Many moons ago I bought tickets for The Story conference (run by @matlock), when I first heard about it and read the blurb, something chimed about the idea of focussing on storytelling – not media, or platform, or industry, or any number of other ways of dividing and conquering, but the general idea of storytelling. I wonder if it planted a seed in someways because recently the notion of storytelling has come back to me from several different sources, in that zeitgeisty way things sometimes do
So why storytelling?
Well, for a start storytelling is quite a unique coming together of expert, audience and knowledge. Obviously there are many ways that these three things can combine – the teacher and the student, the preacher and the congregation, the singer and the crowd. But none of them are quite the same as storytelling, the art of storytelling is the transfer of knowledge along with context. In fact context often plays as big a role as the raw content. Maybe even more so…

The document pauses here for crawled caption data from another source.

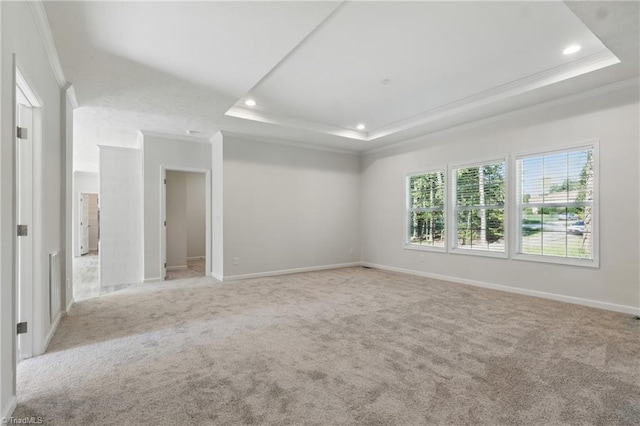 2875 Motsinger Rd, Winston-Salem, NC 27107 - spare room featuring crown molding, a tray ceiling, light carpet, and recessed lighting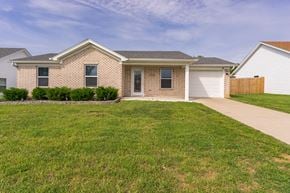 Louisville house for rent - a brick house with a sidewalk in front of it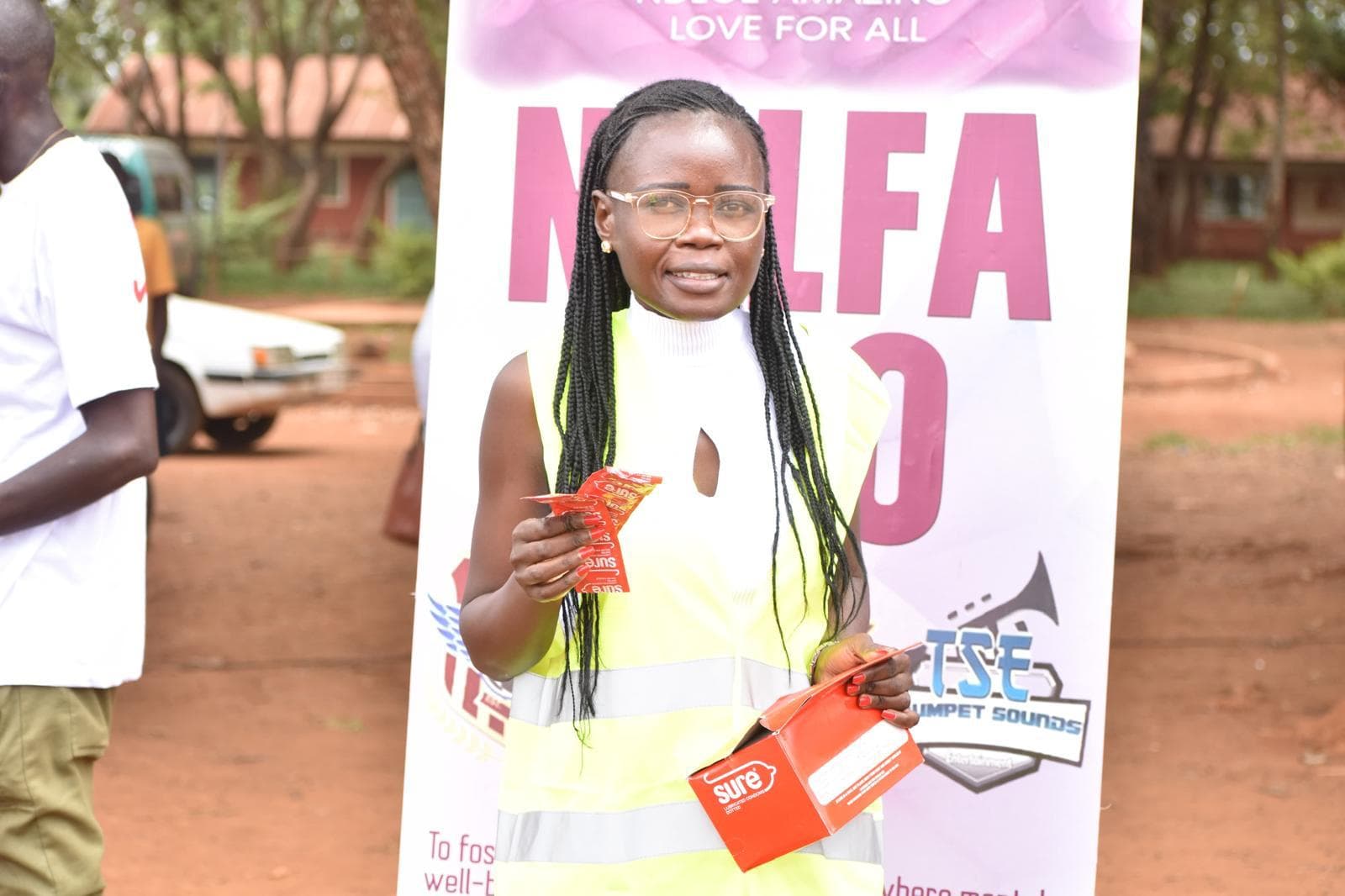 volunteer holding a box of condoms during a community health education and HIV prevention campaign in Siaya County, Kenya.
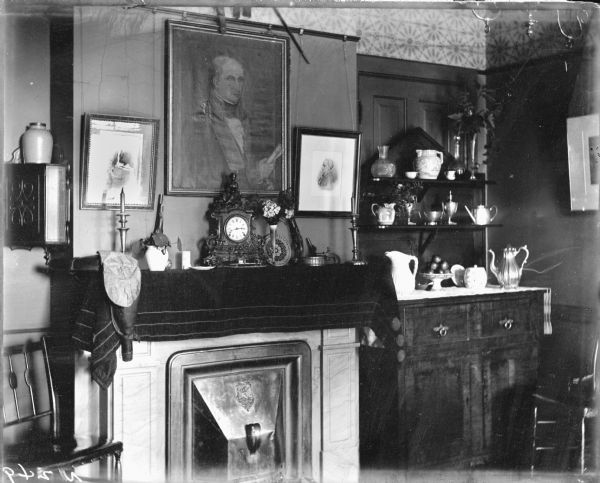 An interior view of the A.P. Morris residence. Portraits are above the mantel of the fireplace, on which sits an ornate clock and other objects. To the right is a buffet with serving dishes.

Expert + Content + Audience
Context is all about what happened around an event, rather than the event itself, its extra data (‘meta data’, to borrow from the world of the web) and the right context can really make something relevant. Perhaps above all else the relevance of information is what makes it ‘stick’. So if you tell a good story you transmit data, and make it stick.
As a designer I deal in the communication of complex ideas to other people on a daily basis and this is where the art of storytelling comes into its own. Whilst design isn’t always about pure innovation it always includes an element of it; the process of design naturally leads new ‘things’ and new things inherently come without context. This is when storytelling comes in; it allows you to explain something new, but with some kind of context. Context means relevance, relevance means it’ll stick. And in the best cases it sticks so well that the audience becomes the expert and will tell the story to others.
So long live the art of storytelling, especially in the world of design.